İnsanları birbirine kopmaz bağlarla sıkıca bağlayan anlaşmalardan çok iyi niyet, sözlerden çok içtenlikli sevgidir’. Thomas More Bu nedenle, insanlar, toplumlar ve uluslar birbiri ile iyi geçinmek isterse, öncelikle iyi niyetli olmaları gerekir.
Ancak art niyetli ve kirli insanlara karşı iyi niyetli hareket etmek, can sıkıcı, zarar verici ve üzücü olaylarla karşılaşmaya sebep olur.
Bu nedenle iyi niyetli hareket etmenin de bir haklı gerekçesi ve dayanağı bulunmalıdır.
Kıbrıs sorununda, ortağı olduğumuz 1960 Kıbrıs Cumhuriyetinden silah zoru ile atıldığımız ve mağdur olduğumuz inkar edilemeyen bir gerçektir.
Güneydeki yönetimin de 1960’da kurulan iki toplumlu yasal Kıbrıs cumhuriyeti olmadığı biliniyor.
Bilinen gerçeklere ve mağdur olmamıza rağmen, karşı tarafa sürekli olarak alttan alıyoruz, ödün veriyoruz ve iyi niyetli hareket ediyoruz.
Şimdiye kadar hazırlanan tüm çözüm seçeneklerini Rumların kabul etmemesine rağmen biz kabul ettik;
Dip Karpaz’da yaşayan Rum’lar için ilk okul yanında, lise açılmasına izin vermemize karşın, Rum yönetimi Leymosun’da yaşayan Türkler için ilk okul açılmasına izin vermedi;
KKTC’de yaşayan Rum’lara gümrük vergisi ödemeden güneyden gıda maddeleri gönderilmesine izin verdik;
Haklarımızın gasp edilmesine rağmen, biz yine de Rumlara karşı iyi niyetli hareket ediyoruz. Ancak, onlar hiçbir olumlu karşılıkta bulunmamaktadır.
Haklarımızı gasp eden taraf olmasına rağmen, bir de bizi ekonomik ve sportif ambargolarla cezalandırmakta ve yaşamımızı zorlaştırmaktadır.
KKTC’de cinayet işleyip güneye sığınan canilerin yargılanması için, bize teslim edeceklerine sınır dışı ederek ülkelerine gönderiyorlar;
KKTC yetilileri eski EOKA’cıya Kozanköy’deki arsasına kont yapmasına ve orada oturmasına izin verdi.
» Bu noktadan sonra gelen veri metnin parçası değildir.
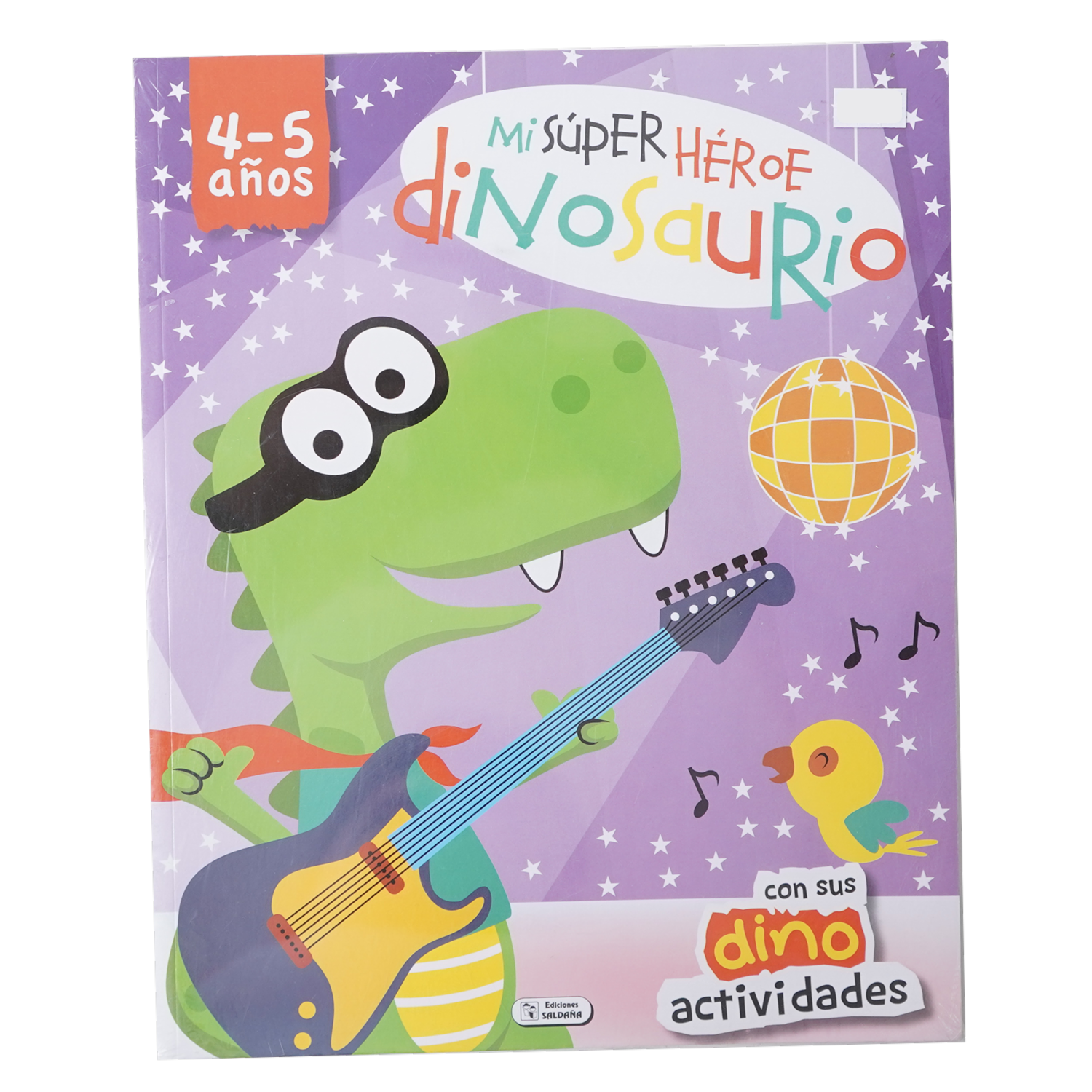 Súper Color Dinosaurios EDICIONES SALDAÑA 64 Páginas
Rum yönetimi ise halen Leymosun hastanesinde staj yapan KC vatandaşı Türk’e yetkili görevli ‘ Devlet için tehdit oluşturabilecek kişilere taşınmaz mal devri yapılamaz’ diyerek bedelini ödediği konutun mal devrini yapmadı.
KKTC’deki otellerde tatil yapmak için güneydeki uçak alanlarından giriş yapan gelen yabancın turistleri ülkelerine geri gönderiyorlar;
Özetle haklarımızı gasp etmelerine rağmen, biz hala daha onlara karşı iyi niyetli hareket ettiğimiz halde onlar bize karşı hep düşmanca davranmaktadır.
Rum yönetiminin ‘Devlet için tehdit oluşturabilecek kişilere taşınmaz mal devri yapılmaz’ gerekçesi ile 5 yıldan beri Leymosun hastanesinde staj yapan Türk’ün güneyde konut satın almasına izin vermemesine karşın;
Hükümetimizin, 1974’de güneyde yaşamayı tercih eden ve Rum ordusunda askerlik yapan Maronit’lere yeni ev inşa ederek KKTC’ne getirmeye çalışması;
Ayrıca EOKA üyesi olduğu açıklanan Rum’un Kozanköyde ev inşa ederek orada ikametine izin vermesi, isabetli bir iyi niyet göstergesi olarak kabul edilebilir mi?
Hele bazı kişilerin hiçbir karşılık almadan sırf iyi niyet gösterisi olarak Maraş’ın Rumlara geri verilmesini savunmasının haklı ve mantıklı bir açıklaması olabilir mi?
Bizim iyi niyetimize karşılık vermeyen ve düşmanca davranarak bize zarar vermekte ısrar eden Rumlara sürekli olarak bizim iyi niyet ve açılım safsatası ile ödün vermemizin bize herhangi bir yararı olabilir mi?
Özetle belirtmek gerekirse, kendilerinden beklediğimiz özeni göstermeyen Rumlar karşısında, iyi niyet safsatası ile sürekli olarak alttan almamız, açılım adı altında ödün vermemiz; kullanılan, aldatılan, sömürülen, zarar gören, aşağılanan, değeri bilinmeyen duruma düşürülmemize sebep olmaktadır.